The Last Speedster Ever Made Is...
Ya Gotta be Kiddin'...
A Karmann Ghia '?'
By Bob Brown
No car ever inspired such
fierce loyalty as the Porsche Speedster, and no speedster owner
ever looked on a Karmann Ghia but with utter disdain. Well,
look again, Marque Chauvinist Pigs, a Ghia just went by
No one who ever owned Speedster escaped coming down with a dose of Marque Chauvinism. To the Speedster freak, there is simply no other car... a Healy was no more than a rude assemblage of principles better left to agricultural applications... a Triumph was the same, but more emphatically so... an Alfa came closer, but all its sophistication had been lavished on the engine- and it was overly temperamental for that... a Corvette was patently a case of Detroit-inspired cubic inch overkill. Plus they all shared one Great Drawback- the engine was stuck up over the steering wheels, a long driveshaft away from the driving wheels. How rudimentary. How uninspired. How... quaint.
|'You have to admit the Speedster and the Ghia kind of look alike, and they feel alike, and they perform the same. But more importantly, they even handle the same - and handling was what the Speedster was really all about when it came down to the final analysis'|
For every other car made,
the Speedsterphile had only varying degrees of disdain. Every
car... even the Porsche 356 Coupe from which the Speedster had
sprung was not exempt- it was a "nice" car, but with its
watertight fastback roof and heavily padded seats, it was
relegated to the faint-praise category. It was condescendingly
"more of a touring car than a true sports car." A little too...

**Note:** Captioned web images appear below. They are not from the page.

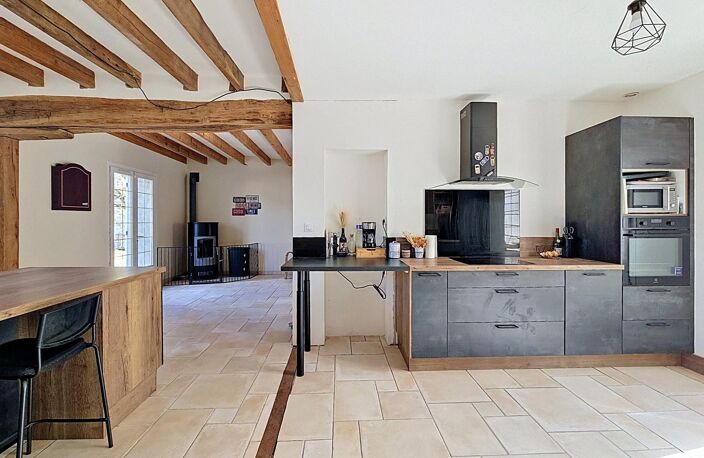 Maison 7 pièces de 164m² habitables Villiers St Georges — photo 3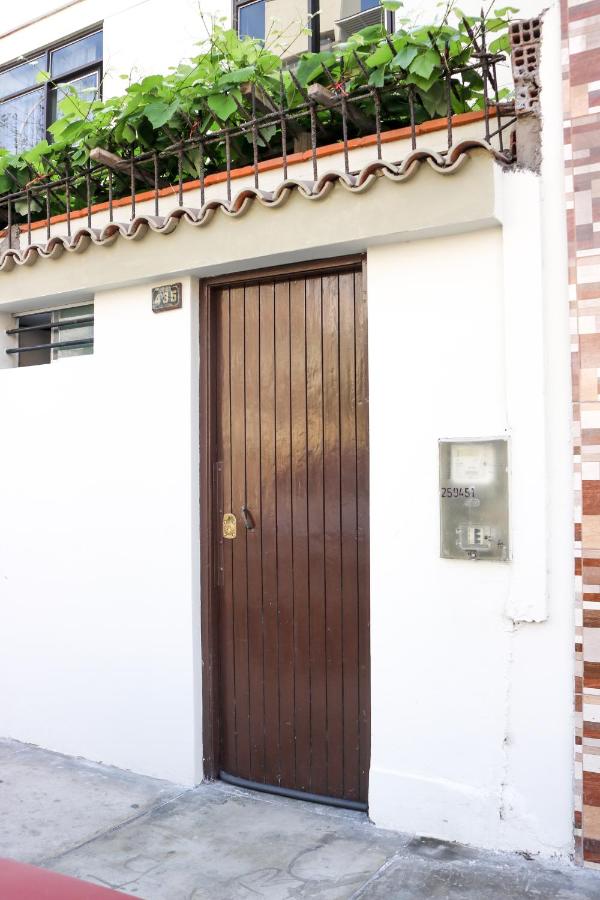 Hermoso monoambiente en 1er piso, baño privado y cocina - Chambres d'hôtes Lima
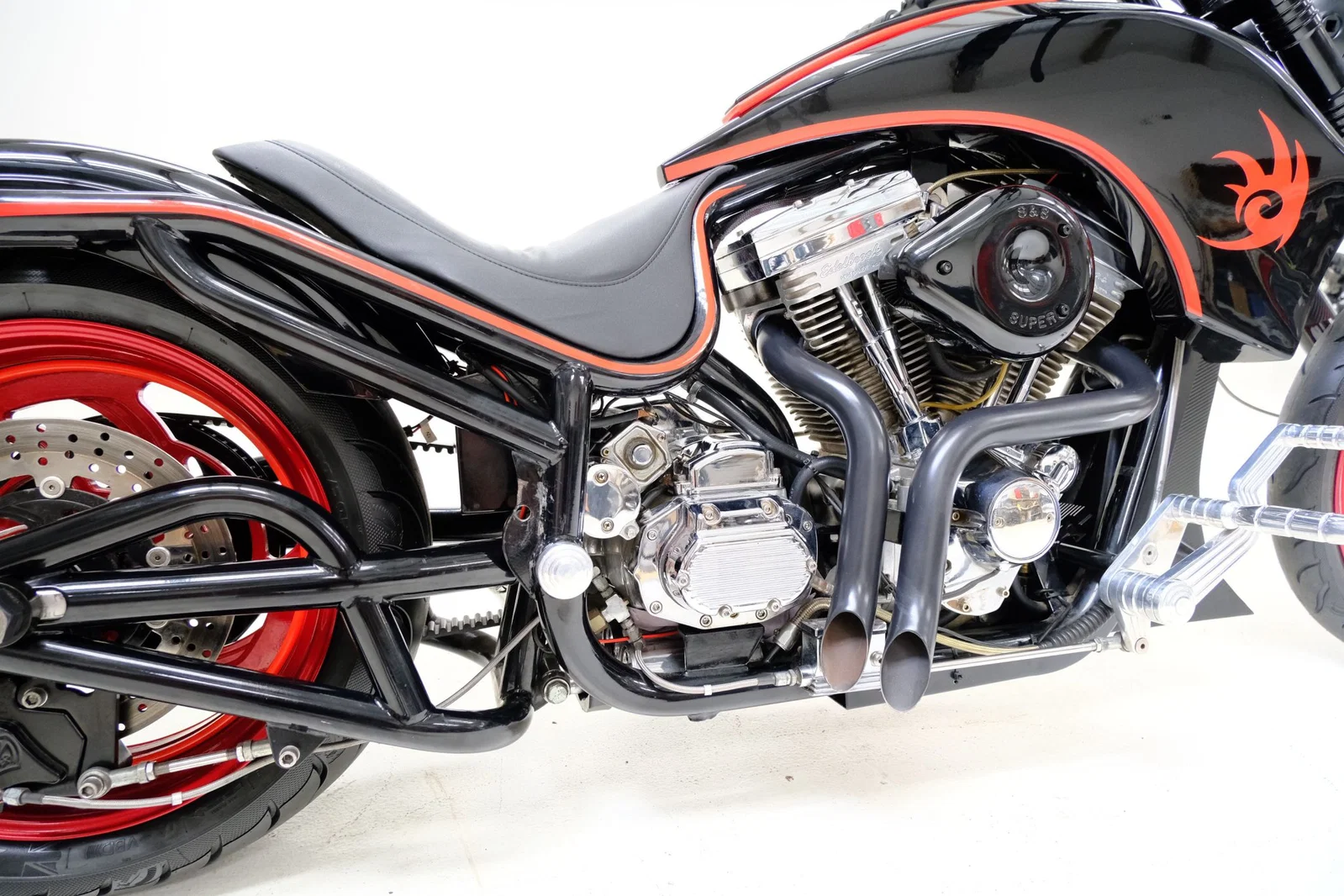 ギュントーリのカスタム・ブルジェ「ダークライダー」。クレジット: ボーナムズ。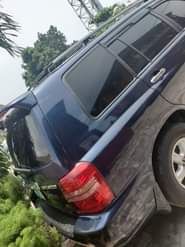 A picture of 2005 Toyota highlander Belgium grade Silent engine Perfect transmission Ac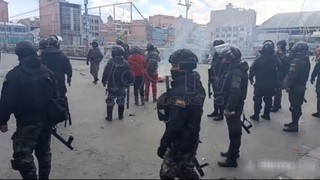 Choferes se enfrentan con policías en El Alto; hay 28 arrestados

uh ... all-purpose if you know what I mean.
But while the Speedster owner merely disdained all other cars, there was one in particular that was held in blackest contempt. Not just because what it was-which was a standard Beetle trying to pass itself off as a sports car - but because of what too many people thought it was - which was a Speedster being sold by VW. The Karmann Ghia!
Foul poser. Pretender! Defiler!
It was very much an emotional hatred, because in general, the Speedster had an uncomfortable similarity to the VW.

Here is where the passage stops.